Re: [RFC PATCH 2/2] ceph: test basic ceph.quota.max_bytes quota

Gregory Farnum <gfarnum@xxxxxxxxxx> · Tue, 16 Apr 2019 11:38:32 -0700

On Tue, Apr 16, 2019 at 3:48 AM Luis Henriques <lhenriques@xxxxxxxx> wrote:
>
> Dave Chinner <david@xxxxxxxxxxxxx> writes:
>
> > On Mon, Apr 15, 2019 at 10:16:18AM +0800, Yan, Zheng wrote:
> >> On 4/15/19 6:15 AM, Dave Chinner wrote:
> >> > On Fri, Apr 12, 2019 at 11:37:55AM +0800, Yan, Zheng wrote:
> >> > > On 4/12/19 9:15 AM, Dave Chinner wrote:
> >> > > > On Thu, Apr 04, 2019 at 11:18:22AM +0100, Luis Henriques wrote:
> >> > > > > Dave Chinner <david@xxxxxxxxxxxxx> writes:
> >> > > For DSYNC write, client has already written data to object store. If client
> >> > > crashes, MDS will set file to 'recovering' state and probe file size by
> >> > > checking object store. Accessing the file is blocked during recovery.
> >> >
> >> > IOWs, ceph allows data integrity writes to the object store even
> >> > though those writes breach  limits on that object store? i.e.
> >> > ceph quota essentially ignores O_SYNC/O_DSYNC metadata requirements?
> >> >
> >>
> >> Current cephfs quota implementation checks quota (compare i_size and quota
> >> setting) at very beginning of ceph_write_iter().
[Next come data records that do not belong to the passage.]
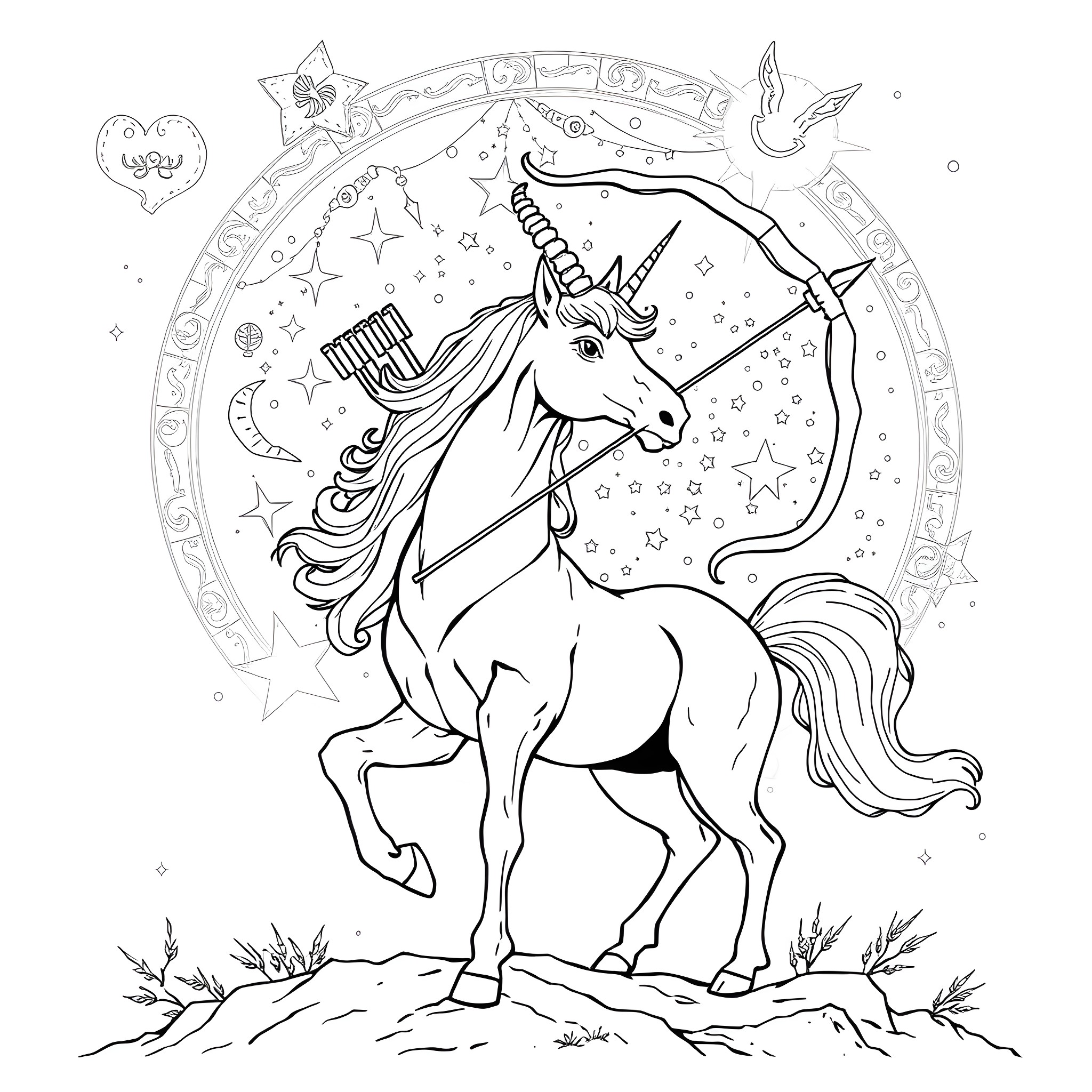 Sagittarius Unicorn Archer in Starry Night Landscape Coloring Page (free black-and-white line drawing printable PDF for all, from beginners to advanced learners, including children, teens, adults, and seniors)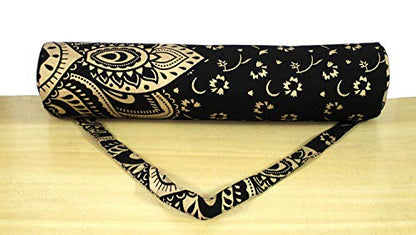 ICC Black Gold Mandala Full-Zip Exercise Yoga Mat Carry Bag Gym Beach Pilates Carrier Bags Hippie Mandala Indian Cotton Bag - style: Black Gold Flower Half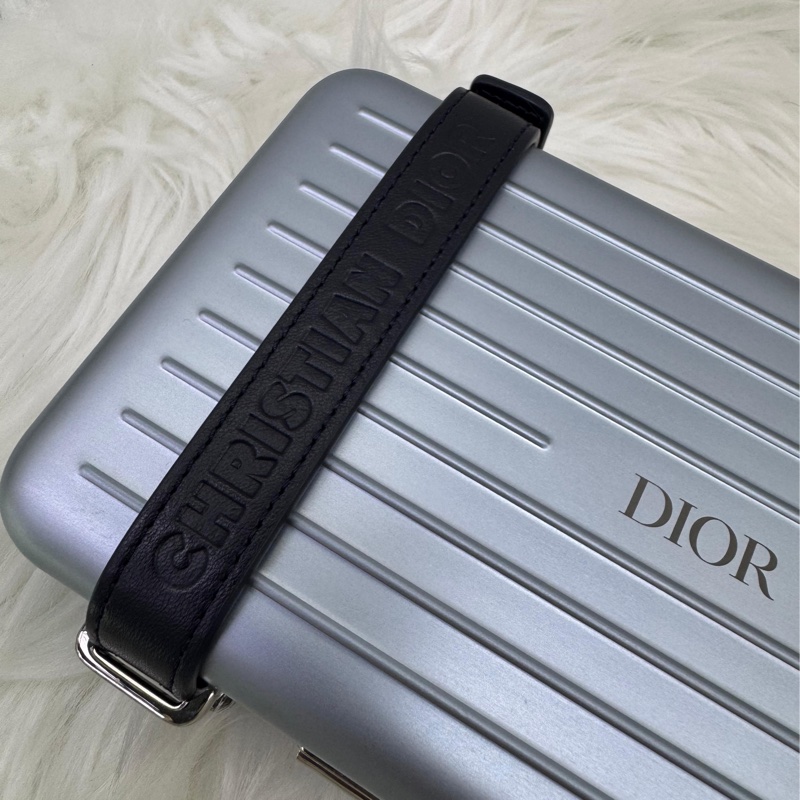 CHRISTIAN DIOR  X RIMOWA Aluminum Personal Clutch On Strap Bleu-7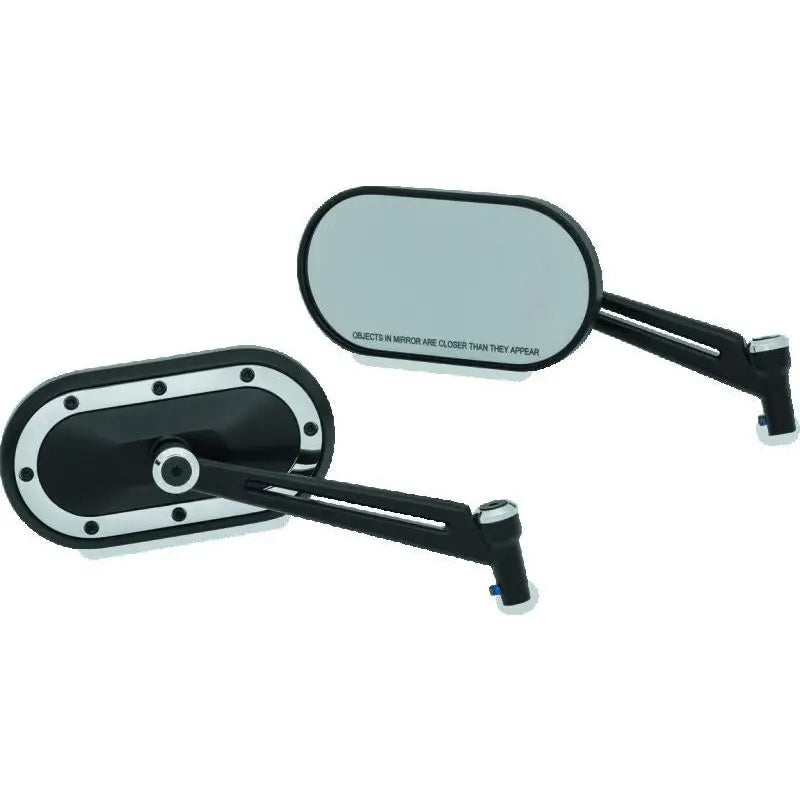 Kuryakyn 1766 Kuryakyn Heavy Industry Mirrors Satin Black & Chrome - 1766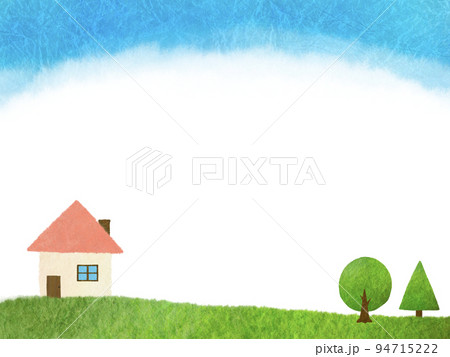和紙のちぎり絵で描いたのどかな草原の中に建つ家の風景イラスト 和紙のちぎり絵で描いたのどかな草原の中に建つ家の風景イラスト 94715222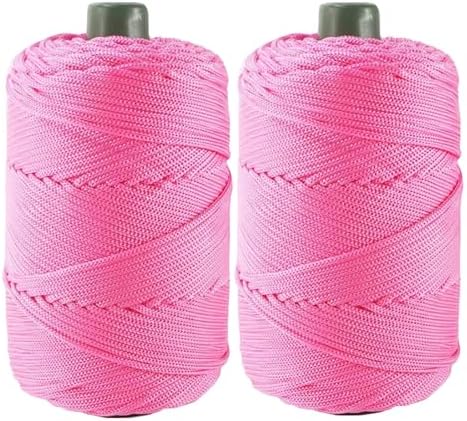 400gram Art Yarn Cord Pink Polyester Yarn Macrame Knitting Crocheting DIY Bags Crochet Basket Summer Hat Craft Cord 3mm Macrame Cord Rope 438yds 1314 Feet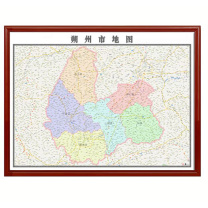菲力康 朔州市地图挂画 120*85cm 高清地图+有机玻璃+实木框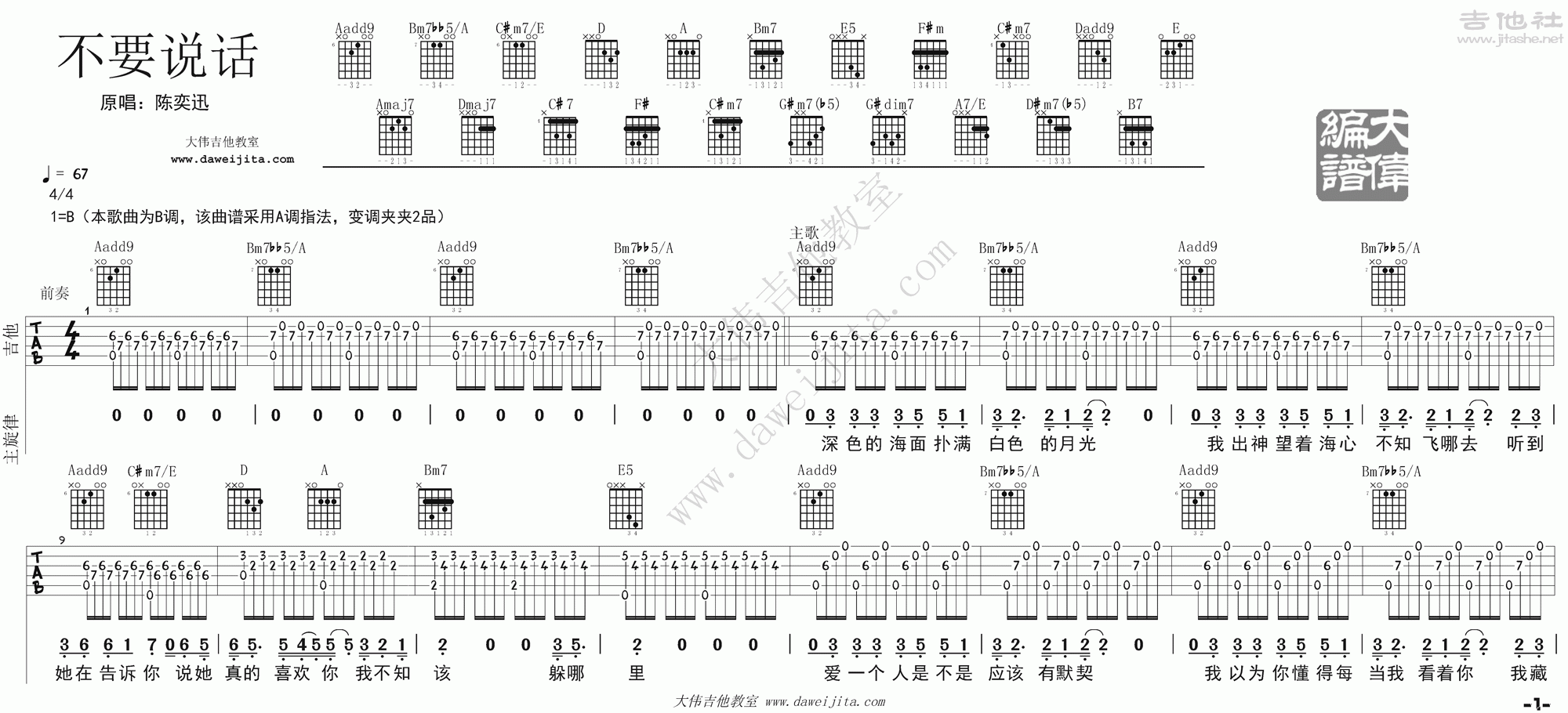 不要说话吉他谱(图片谱,大伟吉他,弹唱,教学)_陈奕迅(Eason Chan)_tab_chenyixun_buyaoshuohua_1.gif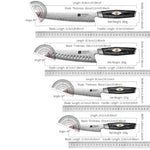 XINZUO 7PCS Knife Set 145-Layer M390 Damascus Steel Kitchen Knife – 60-62HRC Hardness, Black Carbon Fiber Handle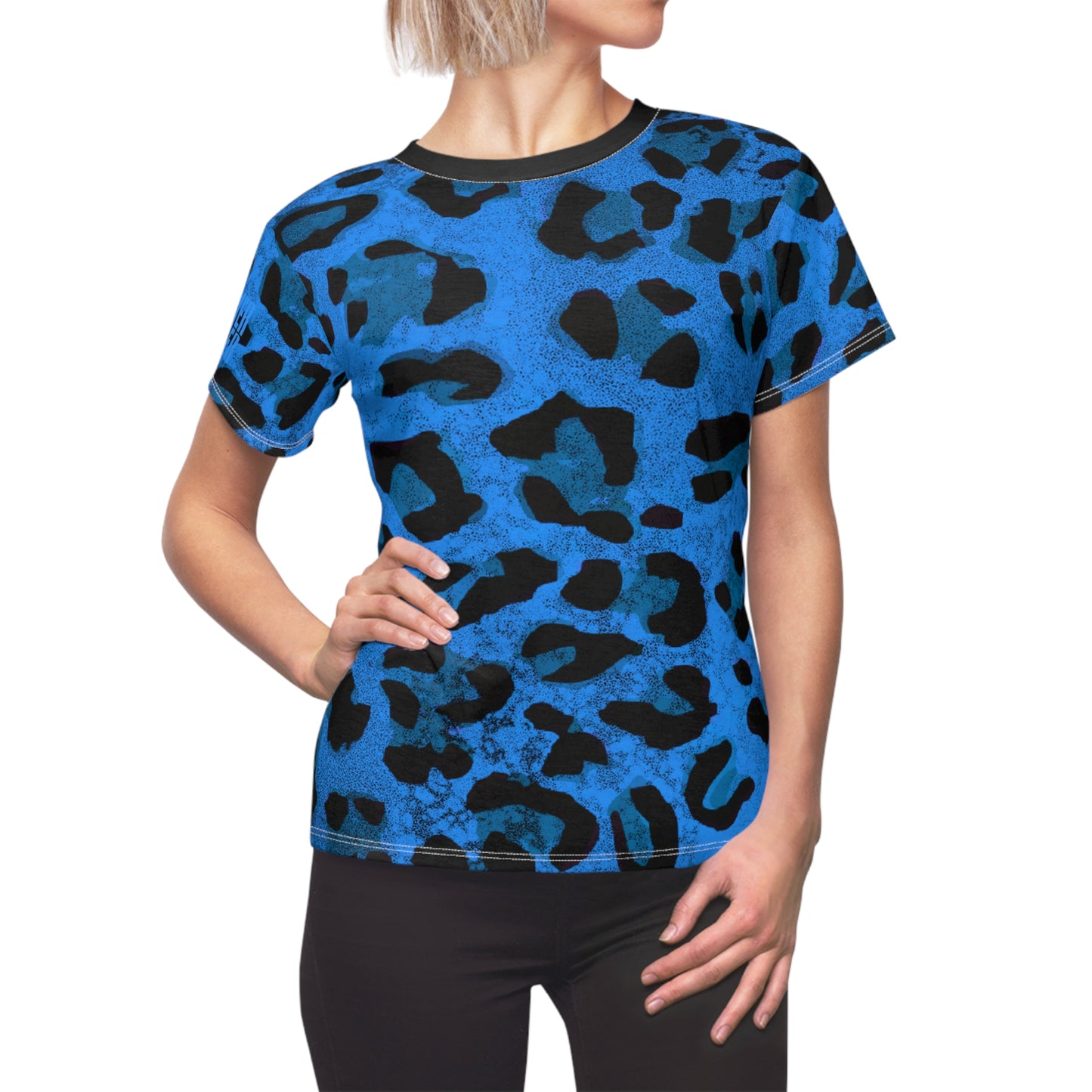 Never Waver Trendy Blue Leopard Print Women's Tee
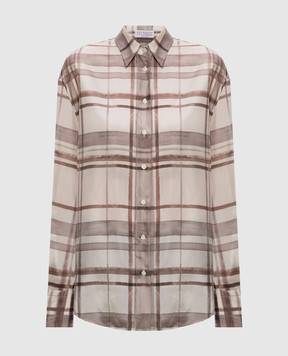 Brunello Cucinelli Бежевая блуза из шелка в клетку MP968NN406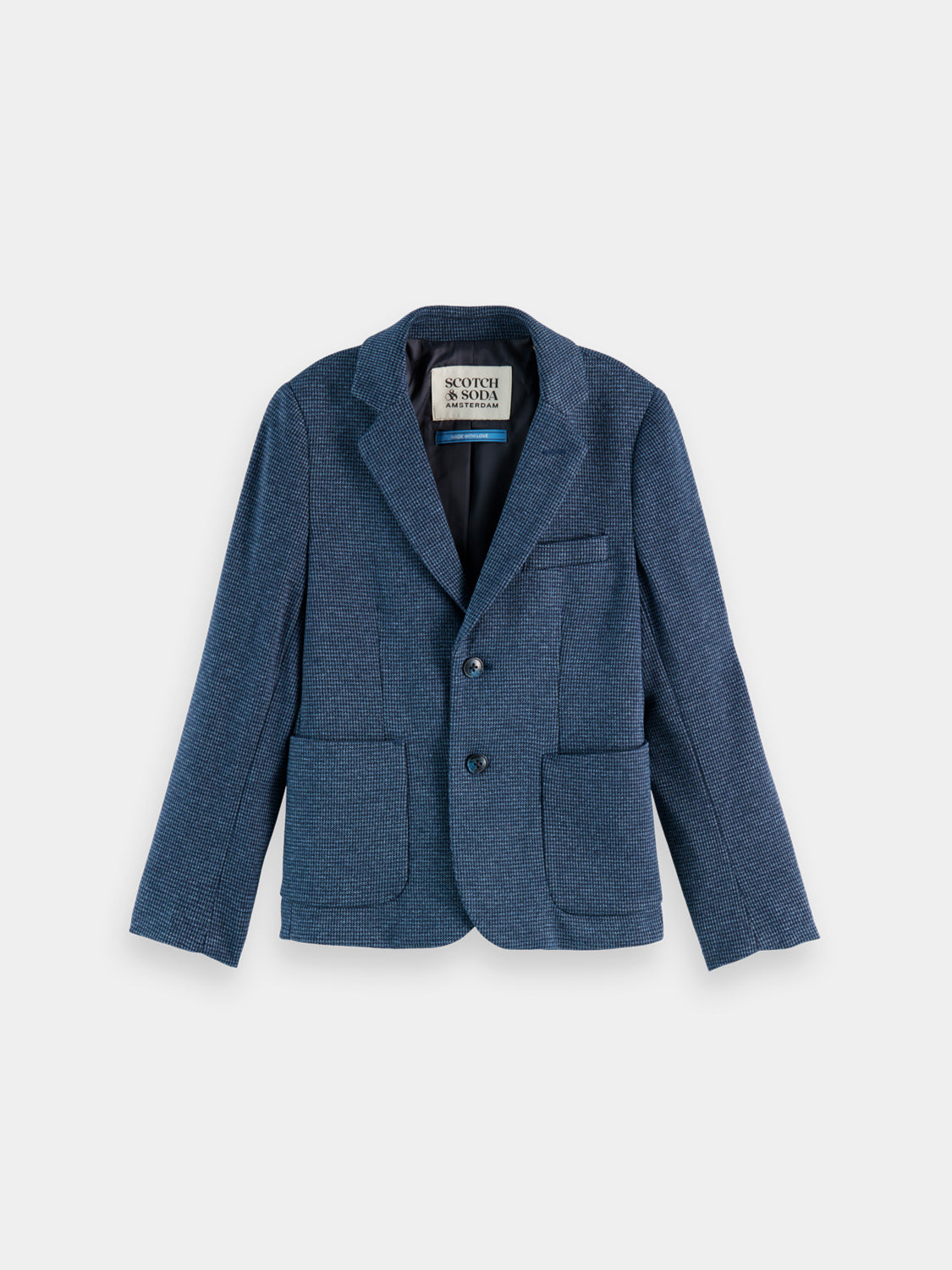 Kids yarn-dyed knitted blazer by Scotch & Soda, featuring a stylish tailored fit with colorful yarn pattern and classic collar.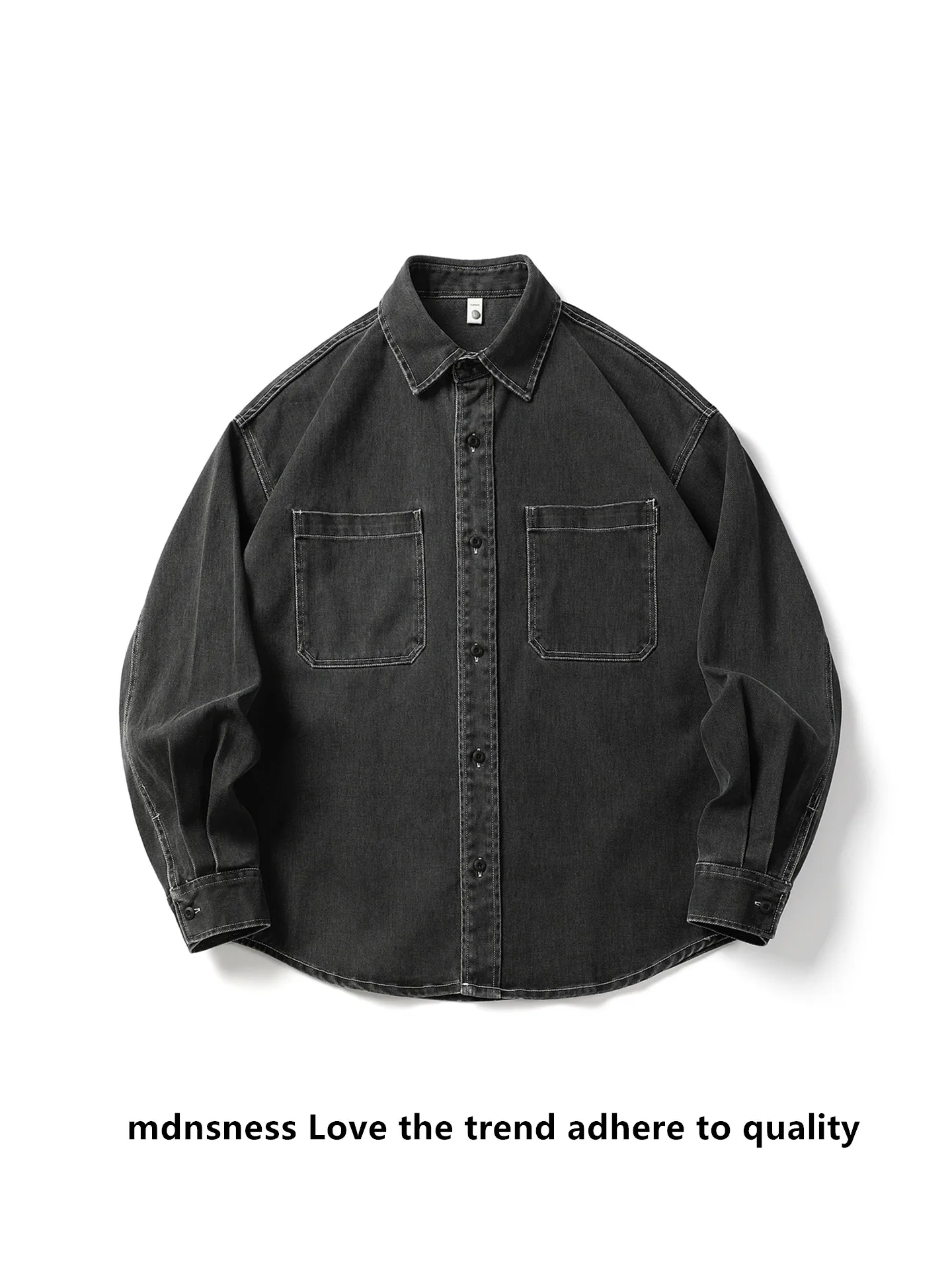 

Мужская джинсовая рубашка с длинным рукавом в стиле ретро, оверсайз, свободного кроя, рабочая куртка в японском стиле, повседневная, из хлопка, молодежная мода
Nothing do with O_SYNC and
> >> O_DSYNC.
> >
> > Hold on, if the quota is checked on the client at the start of every
> > write, then why is it not enforced /exactly/? Where does this "we
> > didn't notice we'd run out of quota" overrun come from then?
>
> Ok, there's an extra piece of information that I don't think it was
> mentioned in the thread yet, which is the (recursive) directory
> statistics.  These stats are maintained by the MDS and it's against
> these stats that the client actually checks if there's an overrun.  The
> checks can be done against the amount of bytes ('max_bytes' quota)
> and/or number of files ('max_files' quota), depending on which quotas
> are enabled.
>
> _Maybe_ there's space for some optimization on the client-side by
> locally updating the stats received from the MDS with local writes,
> files creation/deletion, etc.  But I'm not sure it's worth the effort,
> because:
>
> - for each operation (write, truncate, create, ...) we would also have
>   the extra overhead of walking up the directory tree (or at least the
>   quota realms tree) to update the stats for each directory;  and
>
> - we may have more clients writing to the same directories, and thus
>   messing up with the dir quotas anyway.  I.e. the quotas overrun
>   problem would still be there, and we would still require to open/close
>   files in the test.
>
> Hopefully this helps clarifying why the open/close loop is a needed hack
> with the current quotas design.

More broadly, and without reference to any specific design, Ceph is a
distributed storage system that allows multiple active clients to
independently do activity against multiple servers, and which allows
directory quotas.

Strict enforcement of quotas requires a single centralized authority
to know the data within each directory and decide on every individual
write operation if there is enough space to allow it; this is easy on
a local filesystem but fundamentally cripples a multi-computer one
since it implies serializing every IO on a single server. (Yes, there
are LOTS of tricks you can pull so that "normally" it's not a problem
and only impacts IO when you are actually approaching the quota limit;
yes, there are ways to try and proactively reserve quota for a given
writer; they all break down into the "contact a single server and
serialize on it" when you actually approach the quota and nobody has
yet expressed any interest in Ceph's quotas being that precise
anyway.)

>
> Cheers,
> --
> Luis
>
> >
> > i.e. the test changes are implying that quota is not accurately
> > checked and enforced on every write, and that there is something
> > less that exact about quotas on the ceph client. Yet you say they
> > are checked on every write.
> >
> > Where does the need to open/close files and force flushing client
> > state to the MDS come from if quota is actually being checked
> > on every write as you say it is?
> >
> > i.e. I'm trying to work out if this change is just working around
> > bugs in ceph quota accounting and I'm being told conflicting things
> > about how the ceph client accounts and enforces quota limits. Can
> > you please clearly explain how the quota enforcedment works and why
> > close/open between writes is necessary for accurate quota
> > enforcement so that we have some clue as to why these rubbery limit
> > hacks are necessary?
> >
> > If we don't understand why a test does something and it's not
> > adequately documented, we can't really be expected to maintain
> > it in working order....
> >
> > Cheers,
> >
> > Dave.